**Recorded information:**
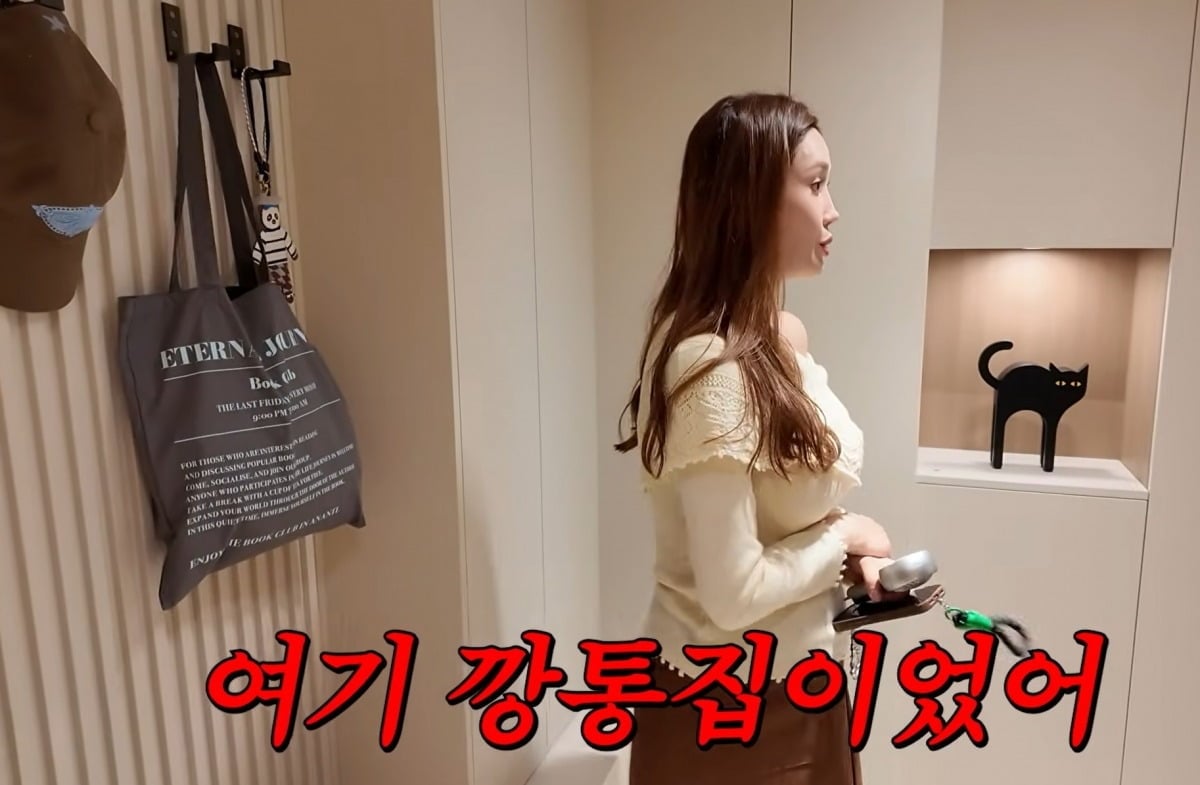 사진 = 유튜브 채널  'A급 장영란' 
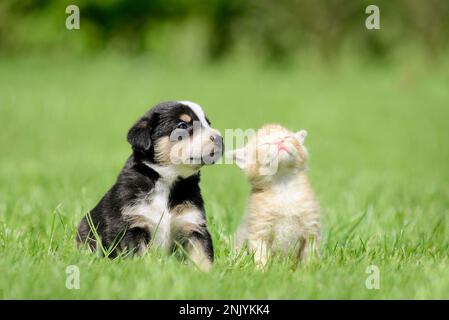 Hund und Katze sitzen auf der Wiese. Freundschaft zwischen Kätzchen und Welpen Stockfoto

...

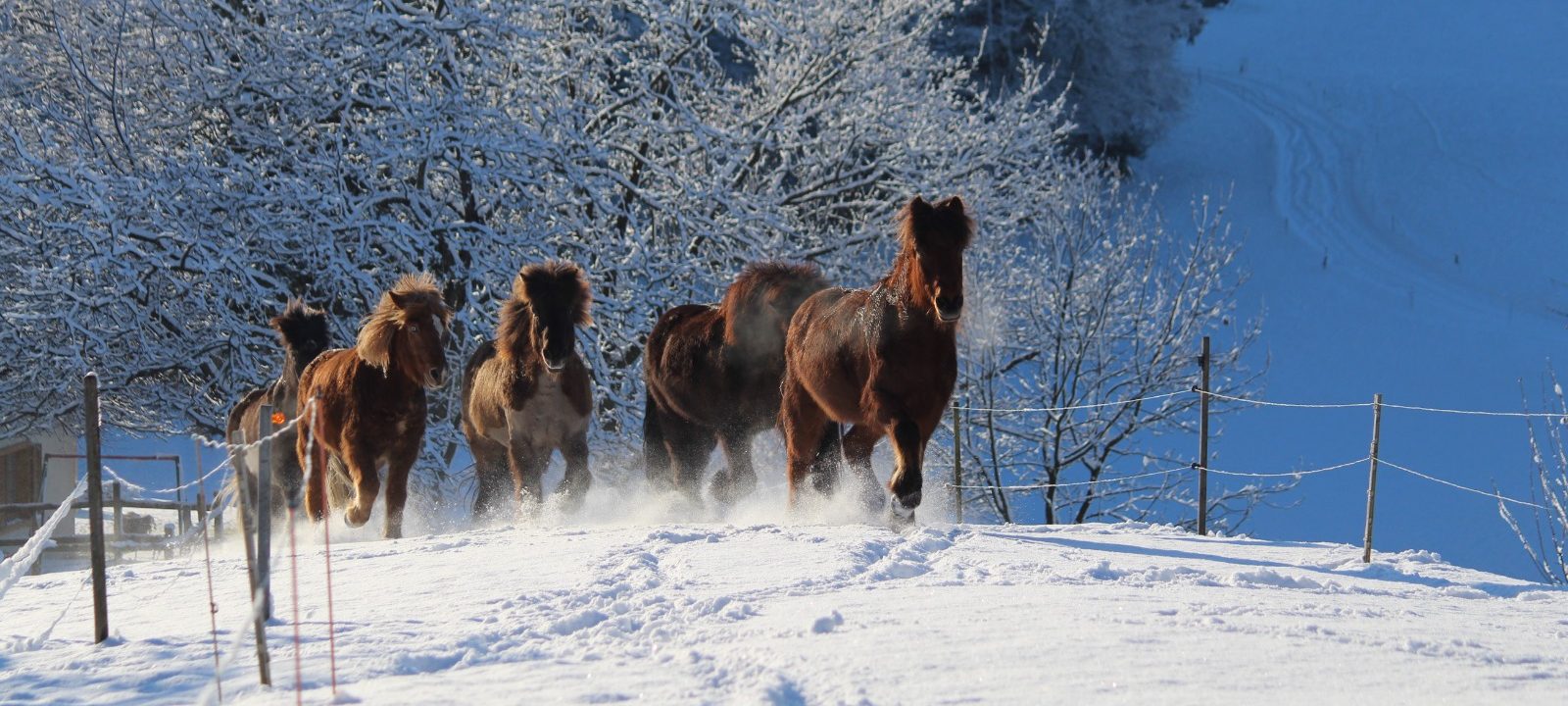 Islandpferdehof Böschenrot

**Problem statement:**
Write out again exactly the lines above from the one with "사진 = 유튜브 채널" through the one with "Hund und Katze", adding no other lines and no pictures.

**Finished exercise:**
 사진 = 유튜브 채널  'A급 장영란' 
 Hund und Katze sitzen auf der Wiese. Freundschaft zwischen Kätzchen und Welpen Stockfoto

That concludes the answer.